Analytical Description of Concentration of Radiation Displacement Defects in Oxide Crystals as Function of Electrons or Neutrons Energy

Abstract

Abstract The main purpose of this work is the description of dependence of the concentration of radiation displacements defects (RDD) induced by electrons and neutrons in garnets, perovskites, silicates, germanates, and tungsted bronzes type crystals (Y3Al5O12, Gd3Ga5O12, YAlO3, LiNbO3, Bi4Si3O12, Bi4Ge3O12, Ca0.28Ba0.72Nb2O6) on the energy of particles by analytical function. The dependences were determined on the basis of calculations made using the Monte-Carlo method realized in the Atom Collision Cascade Simulation program.
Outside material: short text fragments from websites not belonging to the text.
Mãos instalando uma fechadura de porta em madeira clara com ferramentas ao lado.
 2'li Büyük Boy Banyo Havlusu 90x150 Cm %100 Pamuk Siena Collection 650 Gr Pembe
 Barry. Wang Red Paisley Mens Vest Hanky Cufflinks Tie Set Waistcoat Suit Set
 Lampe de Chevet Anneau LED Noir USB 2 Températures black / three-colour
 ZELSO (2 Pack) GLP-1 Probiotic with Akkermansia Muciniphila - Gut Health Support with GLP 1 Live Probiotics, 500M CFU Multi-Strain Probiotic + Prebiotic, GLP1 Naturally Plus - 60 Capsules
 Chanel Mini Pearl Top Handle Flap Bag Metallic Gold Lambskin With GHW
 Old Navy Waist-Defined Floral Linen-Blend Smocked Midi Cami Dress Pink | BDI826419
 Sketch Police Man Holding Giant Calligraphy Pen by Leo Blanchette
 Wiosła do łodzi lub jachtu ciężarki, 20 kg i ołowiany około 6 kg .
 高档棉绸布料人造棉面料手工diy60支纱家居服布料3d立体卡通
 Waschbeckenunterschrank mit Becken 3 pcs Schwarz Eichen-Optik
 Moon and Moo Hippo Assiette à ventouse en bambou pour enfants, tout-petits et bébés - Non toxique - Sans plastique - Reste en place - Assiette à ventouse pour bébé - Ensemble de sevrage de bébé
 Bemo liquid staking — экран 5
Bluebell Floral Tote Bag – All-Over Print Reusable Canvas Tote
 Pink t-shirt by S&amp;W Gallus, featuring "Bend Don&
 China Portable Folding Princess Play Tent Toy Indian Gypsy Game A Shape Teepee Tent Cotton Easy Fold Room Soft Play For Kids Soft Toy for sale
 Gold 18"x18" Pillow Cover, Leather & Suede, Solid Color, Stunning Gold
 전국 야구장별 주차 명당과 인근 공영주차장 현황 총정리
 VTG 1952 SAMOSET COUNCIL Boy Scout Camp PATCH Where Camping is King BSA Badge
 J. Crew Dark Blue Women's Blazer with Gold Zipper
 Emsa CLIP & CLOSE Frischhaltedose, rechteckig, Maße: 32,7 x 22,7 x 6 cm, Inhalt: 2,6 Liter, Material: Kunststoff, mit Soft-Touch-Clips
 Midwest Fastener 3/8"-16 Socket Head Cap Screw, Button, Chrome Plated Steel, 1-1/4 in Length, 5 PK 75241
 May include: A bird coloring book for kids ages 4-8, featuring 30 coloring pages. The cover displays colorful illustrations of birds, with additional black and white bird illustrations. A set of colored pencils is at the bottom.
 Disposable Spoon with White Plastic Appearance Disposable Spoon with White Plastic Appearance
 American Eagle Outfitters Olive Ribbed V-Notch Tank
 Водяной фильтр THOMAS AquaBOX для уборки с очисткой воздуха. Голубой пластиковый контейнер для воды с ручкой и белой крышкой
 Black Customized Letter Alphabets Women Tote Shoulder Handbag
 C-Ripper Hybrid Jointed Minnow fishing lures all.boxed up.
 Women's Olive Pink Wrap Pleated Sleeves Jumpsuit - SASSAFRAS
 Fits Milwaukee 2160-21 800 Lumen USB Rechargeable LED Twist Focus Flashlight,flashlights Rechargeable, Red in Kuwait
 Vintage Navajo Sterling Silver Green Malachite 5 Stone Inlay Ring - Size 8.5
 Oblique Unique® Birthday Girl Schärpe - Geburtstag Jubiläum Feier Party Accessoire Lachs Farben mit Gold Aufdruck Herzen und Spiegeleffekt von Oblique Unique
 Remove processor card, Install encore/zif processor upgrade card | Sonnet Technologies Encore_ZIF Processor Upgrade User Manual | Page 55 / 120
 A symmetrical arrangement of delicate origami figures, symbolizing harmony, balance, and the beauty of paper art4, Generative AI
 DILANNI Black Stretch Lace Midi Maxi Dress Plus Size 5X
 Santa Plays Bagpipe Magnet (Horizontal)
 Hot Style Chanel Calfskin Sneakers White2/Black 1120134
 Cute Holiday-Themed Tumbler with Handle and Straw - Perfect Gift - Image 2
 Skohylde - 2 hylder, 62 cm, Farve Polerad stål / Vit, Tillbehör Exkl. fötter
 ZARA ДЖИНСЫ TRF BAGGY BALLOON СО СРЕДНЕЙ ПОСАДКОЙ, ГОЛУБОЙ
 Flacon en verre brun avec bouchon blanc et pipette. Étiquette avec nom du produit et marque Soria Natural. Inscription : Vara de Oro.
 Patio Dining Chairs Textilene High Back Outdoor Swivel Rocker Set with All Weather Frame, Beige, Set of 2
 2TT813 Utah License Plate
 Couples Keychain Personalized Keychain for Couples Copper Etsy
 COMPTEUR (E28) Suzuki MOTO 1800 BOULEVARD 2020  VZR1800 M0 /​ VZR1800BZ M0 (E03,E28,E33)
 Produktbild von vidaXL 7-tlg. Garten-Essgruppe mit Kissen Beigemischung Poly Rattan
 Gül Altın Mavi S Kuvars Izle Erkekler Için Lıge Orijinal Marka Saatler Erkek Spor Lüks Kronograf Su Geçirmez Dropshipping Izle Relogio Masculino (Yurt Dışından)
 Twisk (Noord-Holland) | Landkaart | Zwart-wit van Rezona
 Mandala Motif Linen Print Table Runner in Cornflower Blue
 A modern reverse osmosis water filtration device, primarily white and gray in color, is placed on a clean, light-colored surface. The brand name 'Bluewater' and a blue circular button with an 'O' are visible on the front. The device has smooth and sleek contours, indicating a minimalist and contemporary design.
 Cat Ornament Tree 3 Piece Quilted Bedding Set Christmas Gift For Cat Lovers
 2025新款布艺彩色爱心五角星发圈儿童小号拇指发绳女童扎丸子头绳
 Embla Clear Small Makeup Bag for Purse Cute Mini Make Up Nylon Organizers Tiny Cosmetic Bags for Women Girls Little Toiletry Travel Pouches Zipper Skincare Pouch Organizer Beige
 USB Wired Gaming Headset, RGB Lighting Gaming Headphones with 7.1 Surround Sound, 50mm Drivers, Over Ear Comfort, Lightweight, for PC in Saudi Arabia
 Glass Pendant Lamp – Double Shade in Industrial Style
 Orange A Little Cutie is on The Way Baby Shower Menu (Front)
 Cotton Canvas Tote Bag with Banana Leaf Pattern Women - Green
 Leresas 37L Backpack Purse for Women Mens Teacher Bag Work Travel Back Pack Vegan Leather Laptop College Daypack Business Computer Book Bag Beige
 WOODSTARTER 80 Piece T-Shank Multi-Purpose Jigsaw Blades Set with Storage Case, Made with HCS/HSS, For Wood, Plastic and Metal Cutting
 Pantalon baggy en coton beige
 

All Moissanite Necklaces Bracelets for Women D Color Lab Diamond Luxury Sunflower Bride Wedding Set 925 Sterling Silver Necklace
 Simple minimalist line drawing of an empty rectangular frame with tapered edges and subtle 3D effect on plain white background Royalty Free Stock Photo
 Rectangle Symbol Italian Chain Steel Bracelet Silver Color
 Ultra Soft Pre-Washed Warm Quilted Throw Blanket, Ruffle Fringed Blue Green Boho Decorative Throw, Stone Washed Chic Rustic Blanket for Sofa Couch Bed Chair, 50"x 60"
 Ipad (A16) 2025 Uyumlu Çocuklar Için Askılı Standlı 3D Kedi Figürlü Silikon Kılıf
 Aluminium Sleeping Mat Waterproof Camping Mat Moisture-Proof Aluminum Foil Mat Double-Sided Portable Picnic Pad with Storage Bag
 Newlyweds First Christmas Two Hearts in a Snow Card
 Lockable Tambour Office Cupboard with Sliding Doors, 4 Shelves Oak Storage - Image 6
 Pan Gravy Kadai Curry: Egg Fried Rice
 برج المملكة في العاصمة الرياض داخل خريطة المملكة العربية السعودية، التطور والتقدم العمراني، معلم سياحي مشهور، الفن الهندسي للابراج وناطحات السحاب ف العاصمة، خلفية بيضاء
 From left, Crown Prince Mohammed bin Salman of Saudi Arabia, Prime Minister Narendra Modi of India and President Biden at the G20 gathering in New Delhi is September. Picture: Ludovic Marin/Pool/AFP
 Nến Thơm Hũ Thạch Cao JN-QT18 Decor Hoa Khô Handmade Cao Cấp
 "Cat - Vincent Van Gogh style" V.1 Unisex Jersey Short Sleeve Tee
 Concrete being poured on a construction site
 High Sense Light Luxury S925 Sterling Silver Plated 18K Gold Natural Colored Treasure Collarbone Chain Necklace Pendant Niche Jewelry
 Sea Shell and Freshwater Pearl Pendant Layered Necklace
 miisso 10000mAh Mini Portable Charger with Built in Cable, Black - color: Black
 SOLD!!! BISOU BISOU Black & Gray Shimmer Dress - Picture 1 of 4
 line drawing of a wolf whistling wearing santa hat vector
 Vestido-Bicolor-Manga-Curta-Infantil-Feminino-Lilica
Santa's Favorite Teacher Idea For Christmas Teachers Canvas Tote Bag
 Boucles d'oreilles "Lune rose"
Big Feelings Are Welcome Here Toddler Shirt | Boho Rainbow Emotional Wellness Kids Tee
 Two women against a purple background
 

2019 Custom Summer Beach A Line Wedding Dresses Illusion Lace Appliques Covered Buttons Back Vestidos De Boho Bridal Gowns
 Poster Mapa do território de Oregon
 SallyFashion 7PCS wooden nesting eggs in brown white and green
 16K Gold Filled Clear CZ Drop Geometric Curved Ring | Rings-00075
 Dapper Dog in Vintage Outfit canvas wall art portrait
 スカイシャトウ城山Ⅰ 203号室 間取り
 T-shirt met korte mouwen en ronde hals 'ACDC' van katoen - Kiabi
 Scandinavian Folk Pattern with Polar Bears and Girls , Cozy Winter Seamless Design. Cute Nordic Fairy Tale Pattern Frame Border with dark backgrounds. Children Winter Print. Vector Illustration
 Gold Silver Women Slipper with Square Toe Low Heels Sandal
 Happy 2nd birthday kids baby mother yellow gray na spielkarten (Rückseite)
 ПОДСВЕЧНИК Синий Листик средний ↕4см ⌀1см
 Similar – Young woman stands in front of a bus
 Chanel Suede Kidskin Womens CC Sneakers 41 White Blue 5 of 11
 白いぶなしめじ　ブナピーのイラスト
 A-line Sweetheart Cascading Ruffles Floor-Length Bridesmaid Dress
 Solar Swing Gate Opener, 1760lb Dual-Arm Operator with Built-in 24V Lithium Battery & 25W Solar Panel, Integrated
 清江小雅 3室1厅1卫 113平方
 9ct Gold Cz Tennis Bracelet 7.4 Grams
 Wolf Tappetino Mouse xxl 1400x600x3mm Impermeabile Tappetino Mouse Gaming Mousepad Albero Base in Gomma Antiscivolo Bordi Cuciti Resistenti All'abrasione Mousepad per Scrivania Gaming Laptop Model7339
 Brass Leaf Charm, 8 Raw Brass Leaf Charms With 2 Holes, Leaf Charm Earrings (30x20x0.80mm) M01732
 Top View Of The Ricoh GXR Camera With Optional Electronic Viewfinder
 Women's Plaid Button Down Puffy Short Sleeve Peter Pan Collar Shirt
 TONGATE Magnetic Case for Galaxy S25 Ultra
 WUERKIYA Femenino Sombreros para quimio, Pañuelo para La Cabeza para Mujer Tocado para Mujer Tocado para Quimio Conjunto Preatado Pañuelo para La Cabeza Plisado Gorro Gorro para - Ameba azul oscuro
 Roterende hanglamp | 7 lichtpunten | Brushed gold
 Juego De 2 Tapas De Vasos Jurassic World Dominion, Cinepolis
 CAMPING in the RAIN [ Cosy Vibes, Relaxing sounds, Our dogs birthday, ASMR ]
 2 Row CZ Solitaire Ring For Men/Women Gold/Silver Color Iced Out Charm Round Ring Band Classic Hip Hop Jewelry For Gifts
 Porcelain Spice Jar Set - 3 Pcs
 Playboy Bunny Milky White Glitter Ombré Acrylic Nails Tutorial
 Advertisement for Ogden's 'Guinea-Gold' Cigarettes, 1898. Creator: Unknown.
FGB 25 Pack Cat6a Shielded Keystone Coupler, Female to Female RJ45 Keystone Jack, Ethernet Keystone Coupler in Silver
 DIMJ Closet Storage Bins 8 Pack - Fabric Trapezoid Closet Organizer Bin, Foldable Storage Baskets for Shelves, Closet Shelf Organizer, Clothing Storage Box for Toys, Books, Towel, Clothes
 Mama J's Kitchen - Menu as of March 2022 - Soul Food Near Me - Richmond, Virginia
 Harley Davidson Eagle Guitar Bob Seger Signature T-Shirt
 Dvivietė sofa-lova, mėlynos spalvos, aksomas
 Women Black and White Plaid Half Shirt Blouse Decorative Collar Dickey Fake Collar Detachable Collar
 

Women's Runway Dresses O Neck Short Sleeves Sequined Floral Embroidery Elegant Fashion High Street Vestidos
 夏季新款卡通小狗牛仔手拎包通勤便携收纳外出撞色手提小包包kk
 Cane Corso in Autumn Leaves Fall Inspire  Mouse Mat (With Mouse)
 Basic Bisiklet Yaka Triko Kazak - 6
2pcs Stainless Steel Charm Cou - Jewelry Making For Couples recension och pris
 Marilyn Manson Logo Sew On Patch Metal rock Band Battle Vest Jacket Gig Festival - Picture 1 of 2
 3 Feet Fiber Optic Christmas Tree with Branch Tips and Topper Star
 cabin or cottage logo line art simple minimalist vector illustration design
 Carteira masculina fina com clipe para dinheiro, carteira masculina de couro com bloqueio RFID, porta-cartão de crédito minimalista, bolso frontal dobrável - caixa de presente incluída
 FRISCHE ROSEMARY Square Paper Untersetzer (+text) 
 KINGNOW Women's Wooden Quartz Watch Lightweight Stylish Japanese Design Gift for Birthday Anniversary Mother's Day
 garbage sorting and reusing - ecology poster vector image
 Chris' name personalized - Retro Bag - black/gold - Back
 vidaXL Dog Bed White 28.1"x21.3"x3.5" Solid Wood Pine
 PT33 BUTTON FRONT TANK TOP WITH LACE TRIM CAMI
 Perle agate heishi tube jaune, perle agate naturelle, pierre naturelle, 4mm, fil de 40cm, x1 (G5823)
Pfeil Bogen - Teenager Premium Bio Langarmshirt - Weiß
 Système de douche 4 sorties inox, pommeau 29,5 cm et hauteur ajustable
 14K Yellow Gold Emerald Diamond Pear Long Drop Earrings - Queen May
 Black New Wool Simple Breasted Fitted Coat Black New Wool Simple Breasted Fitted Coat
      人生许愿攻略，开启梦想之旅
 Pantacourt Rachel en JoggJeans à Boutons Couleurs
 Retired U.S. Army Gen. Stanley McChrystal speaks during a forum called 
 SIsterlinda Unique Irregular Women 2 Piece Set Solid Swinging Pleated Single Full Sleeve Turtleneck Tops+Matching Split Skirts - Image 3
The results of calculations show that the concentrations of RDD reduced to one impinging particle increased initially with the particles energy and they saturates for the electron and neutron energy above 3–36 MeV, depending on crystal, sublattice and kind of irradiation particle. A wide range of energies for which the concentration of RDD is independent of the energy of particles (neutrons, electrons) makes them potential materials for the dosimetry of high-energy particles. The comparison of the concentrations of RDD calculated for different sublattices as well as for the cases of electrons and neutrons is made. In the case of irradiation with electrons, the relative concentration of RDD of the oxygen sublattice strongly depends on the energy of electrons and the crystal and varies in the range of 10–90%. In the case of neutrons, the relative concentration of RDD of the oxygen sublattice does not depend on the neutron energy and is in the range of 66–84% depending on the crystal.